▶ _Assignment_
Leave the pictures out while you restate every entry below word for word.
Data for the task Block Start
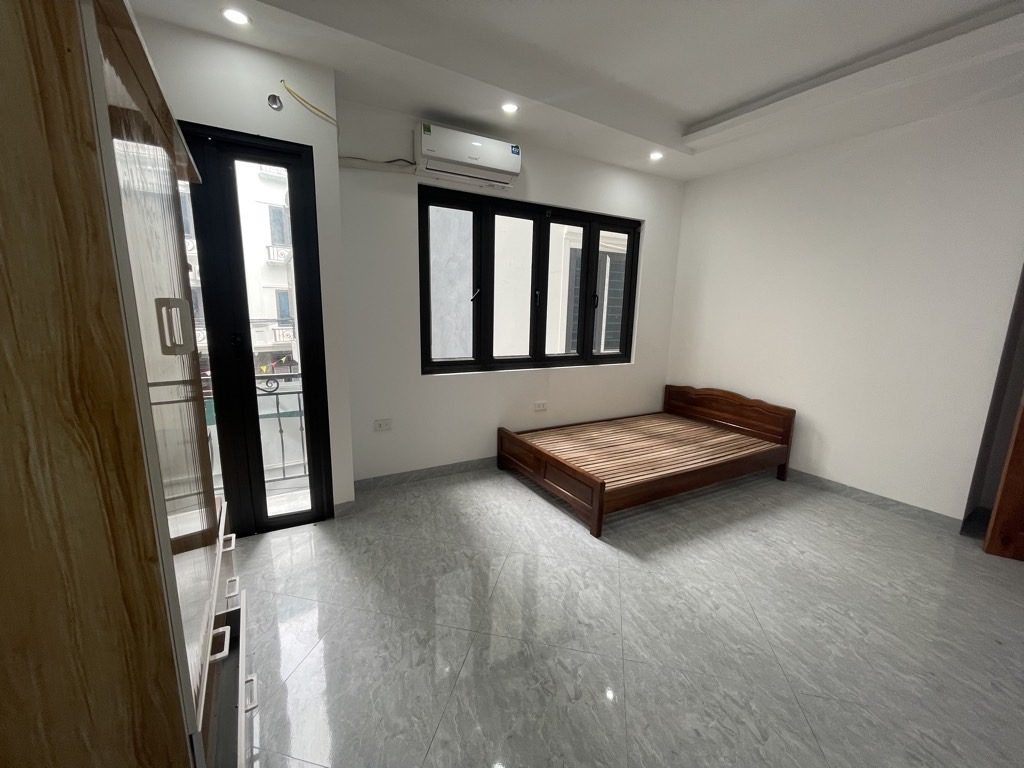Nhà Lê Quang Đạo, lô góc, dân xây 40m2, 5 tầng chỉ 7 tỷ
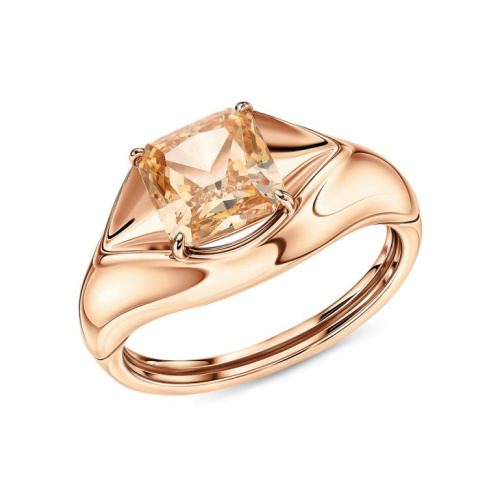 Золотое кольцо с фианитами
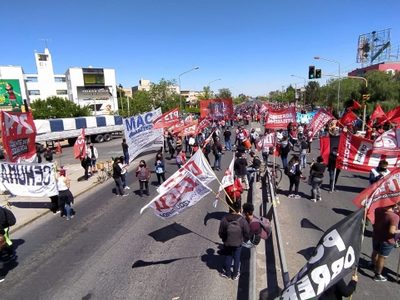 Empresarios de Neuquén contra los piquetes: denuncian pérdidas económicas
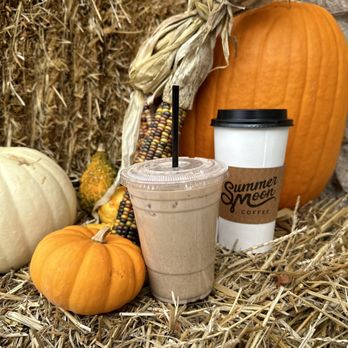 Summer Moon Coffee - pumpkins, corn, and a cup of coffee - Coffee Roasteries Near Me - Crystal Lake, Illinois Summer Moon Coffee - pumpkins, corn, and a cup of coffee - Coffee Roasteries Near Me - Crystal Lake, Illinois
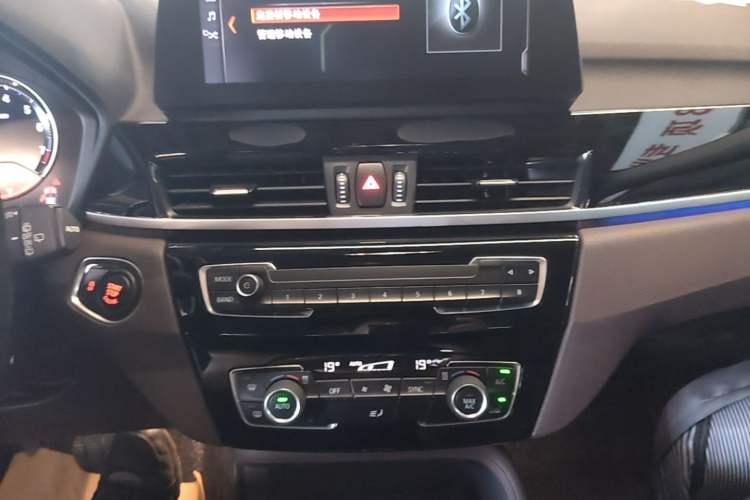 Used BMW X1 2021 sDrive25Li Leading Model Audio And AC Panel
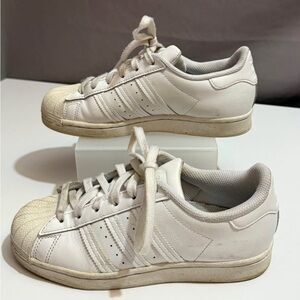 Adidas Superstar white sneakers, size 5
Data for the task Block End
▶ _Reply_
Nhà Lê Quang Đạo, lô góc, dân xây 40m2, 5 tầng chỉ 7 tỷ
 Золотое кольцо с фианитами
 Empresarios de Neuquén contra los piquetes: denuncian pérdidas económicas
 Summer Moon Coffee - pumpkins, corn, and a cup of coffee - Coffee Roasteries Near Me - Crystal Lake, Illinois Summer Moon Coffee - pumpkins, corn, and a cup of coffee - Coffee Roasteries Near Me - Crystal Lake, Illinois
 Used BMW X1 2021 sDrive25Li Leading Model Audio And AC Panel
 Adidas Superstar white sneakers, size 5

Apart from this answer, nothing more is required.